The online quote I built could become the starting point for that automation. Once the quote is structured data, there’s a path toward connecting deal reporting, finance notifications, and invoice confirmation.
Sometimes digitization doesn’t start from a large system plan. It starts from a small tool that happens to sit at the right point in the workflow.
Status
The tool is in active showroom use and has accumulated feedback from real quoting situations. Based on that operational experience, I recently completed a second round of improvements: filling in missing device options, adjusting discount and payment term settings, refining the print preview layout, and updating the quote header to better match the tone of a formal customer document.
This also made something clearer to me: this project was never just about moving Excel to a webpage. It’s about gradually shifting the quoting process from “knowledge held by people” to “logic that a tool can carry.”
What I Learned
At the start, this project looked like a quote sheet. Once I got into it, I saw it was connected to a lot of other things — how sales reps handle customer conversations, how customers understand pricing, how engineers receive handoff information, how finance confirms payment.
This project also made clear to me that for AI collaboration to actually work, someone has to first think through how the data is structured, what the inputs and outputs are, and what the real operating context looks like.

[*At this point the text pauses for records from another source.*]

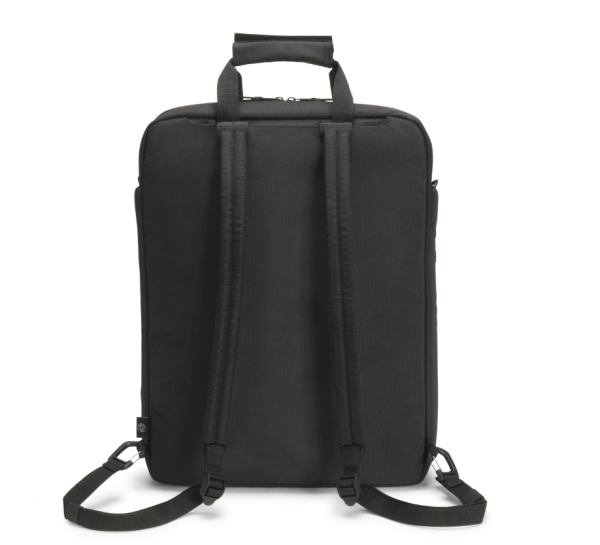 Dicota Torba za laptop Tote Bag Eco Motion 15.6" crna, D31877-RPET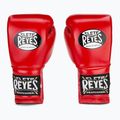 Cleto Reyes guantoni da boxe rosso 2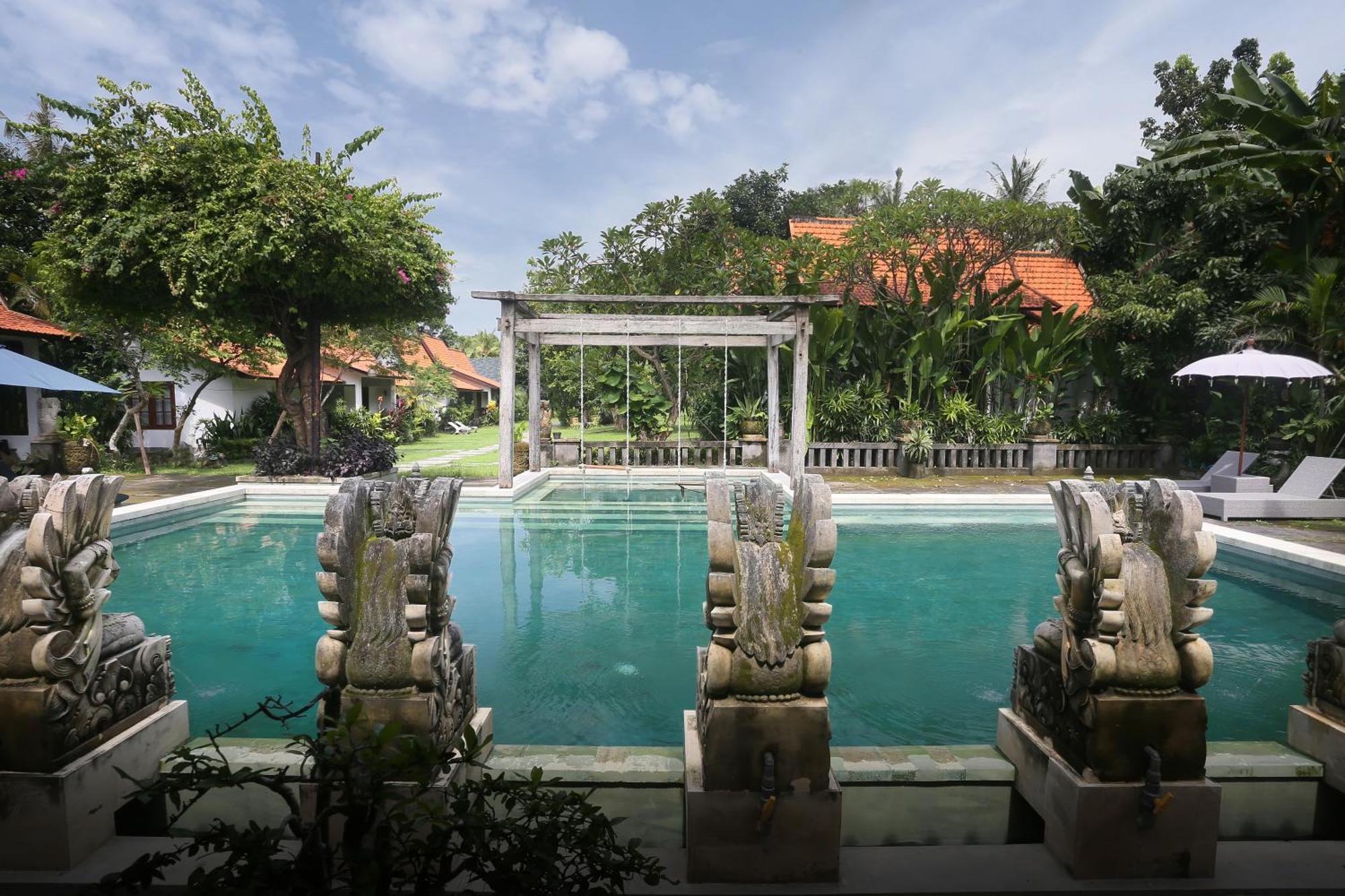 Dewantara Boutique Villa Resort Bali Umeanyar Exterior photo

Having taken a programming course, I understood that once logic can be cleanly broken down, it can be implemented in code. For example, when a sales rep selects a certain device, the system can automatically include required accessories in the calculation — turning what used to be a rule held in someone’s memory into logic the tool can handle.
Once the tool entered real use, sales feedback surfaced details I never would have anticipated. For instance, some customers haven’t received their unit yet when they’re getting a quote, so they can’t decide on switch panel colors right away. Based on that, I added a “color TBD” option and a way to display the available color choices on the quote — so customers can refer back to it later.
The whole project worked in a cycle: digitize the existing quote logic, gather real feedback from the field, identify what design changes would make the tool more rigorous and easier to use, and iterate. That loop is what turned it from a first draft into something sales reps actually reach for.
Recently, sales reps who weren’t part of the original development have started asking how the tool was built and sharing positive feedback. That meant a lot — it’s a sign that it’s been recognized by people using it in the real world, not just the ones who were involved from the start.